Cleric accused of trying to help al Qaeda


Hamza al-Masri
 (The Spokesman-Review)
From wire reports

Dean Lawrence used to think it was a joke when he heard all the talk about terrorists thinking about training on a sheep ranch outside his tiny hometown of Bly, Ore.

He was rethinking things Thursday after the arrest of a Muslim cleric in London on charges of trying to establish a terrorist training camp near Bly, a logging and ranching town in the sagebrush-dotted high desert of southern Oregon.

“A small town like this – I read in the paper one time there was 15 people came down to look” at the ranch, Lawrence said Thursday in a telephone interview from the gas station he owns in Bly.

The cleric, Abu Hamza al-Masri, was arrested on a U.S. indictment alleging he tried to start the training camp and provided aid to al Qaeda. His now-shuttered Finsbury Park Mosque attracted Sept. 11 suspect Zacarias Moussaoui and would-be shoe bomber Richard Reid.

The United States will almost certainly have to rule out the death penalty to get England to hand al-Masri, 47, over for trial.

A volatile preacher with one eye and hooks for hands – lost, he says, fighting Soviet troops in Afghanistan in the 1980s – al-Masri has long been the focus of terrorism suspicions there.

Al-Masri has sparked outrage with sermons calling the invasion of Iraq a “war against Islam,” claiming the Sept. 11 attacks were a Jewish plot and calling the Columbia space shuttle disaster a “punishment from Allah” because Christian, Jewish and Hindu astronauts were aboard.

Two people connected to a mosque in Seattle, Semi Osman and James Ujaama, were charged in 2002 with trying to start a training camp for al-Masri, but the charges were dropped in exchange for guilty pleas on lesser charges.

Authorities have said Ujaama sent al-Masri a fax proposing a camp outside Bly, and al-Masri sent two representatives to evaluate the site some 50 miles east of Klamath Falls. The two were reportedly disappointed that the property had no barracks for trainees, and the camp was never developed.

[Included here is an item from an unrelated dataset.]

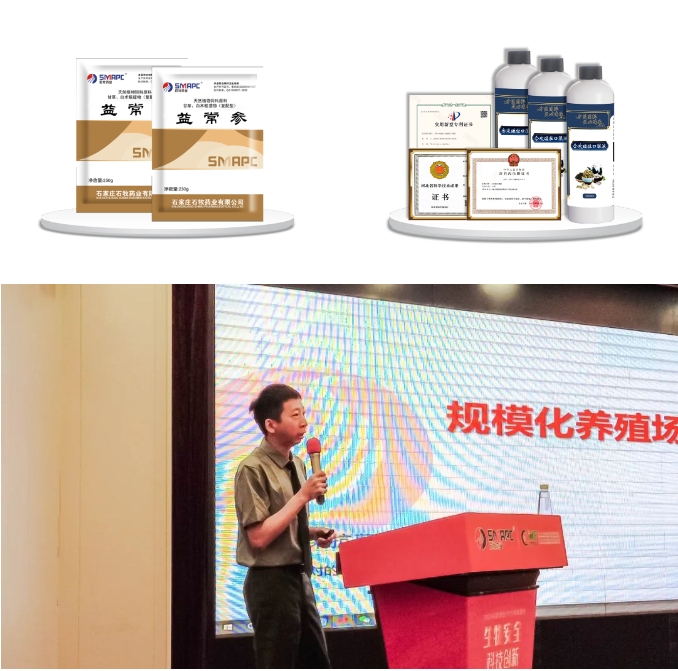 �ڲ�����Ϸ������(�й�)רҵ����,����Ϊ��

The Klamath County Sheriff’s Department got a tip from Interpol about the ranch in 1999 and sent some deputies to keep an eye on it, but they did not notice much beyond a dozen people taking target practice, said Sheriff Tim Evinger.

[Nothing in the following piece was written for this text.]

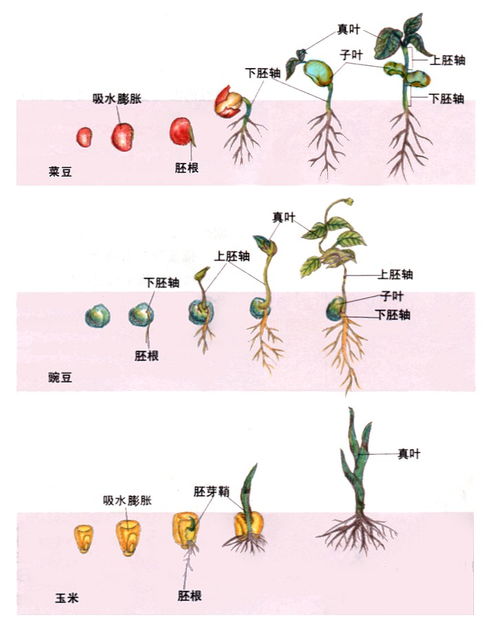 有关种子萌发的诗句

The shooting was not enough to catch the notice of neighbor Don Wessel, a retired logger who himself is used to taking shots at gophers on his ranch. He saw the news about al-Masri’s arrest on television.

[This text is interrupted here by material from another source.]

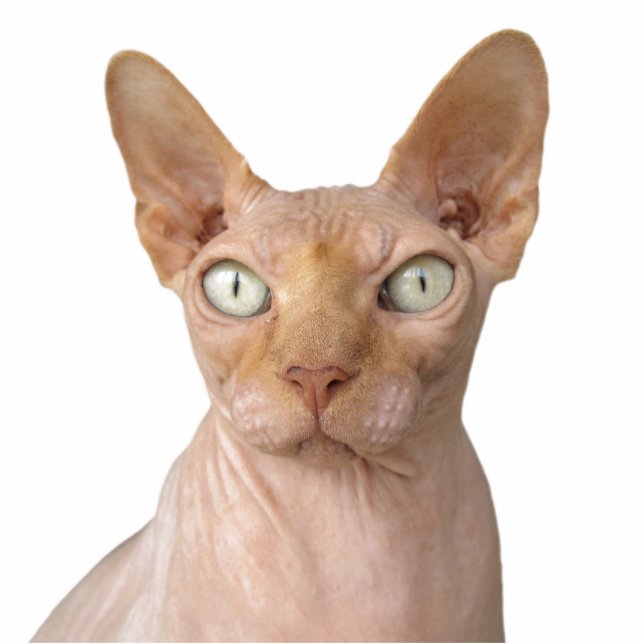 Create Your Own Pet Cat  Dog Memorial Standing Photo Sculpture (Front)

“There was some people out there that wore long clothes, but the only time we ever saw them was at the post office,” said Wessel.

A grand jury in New York brought an 11-count indictment against al-Masri on April 19, and the charges were announced Thursday.

Prosecutors said al-Masri sought to incite a holy war around the world, and played a major role in a 1998 hostage situation in Yemen that left three British tourists and an Australian visitor dead.

The indictment charged him with hostage-taking and conspiracy in connection with the incident, and also alleges he provided material support to al Qaeda and the Taliban to foment a holy war in Afghanistan.

British Home Secretary David Blunkett said Thursday that an agreement with American officials last year made clear that in al-Masri’s case, “they will not carry out an execution.”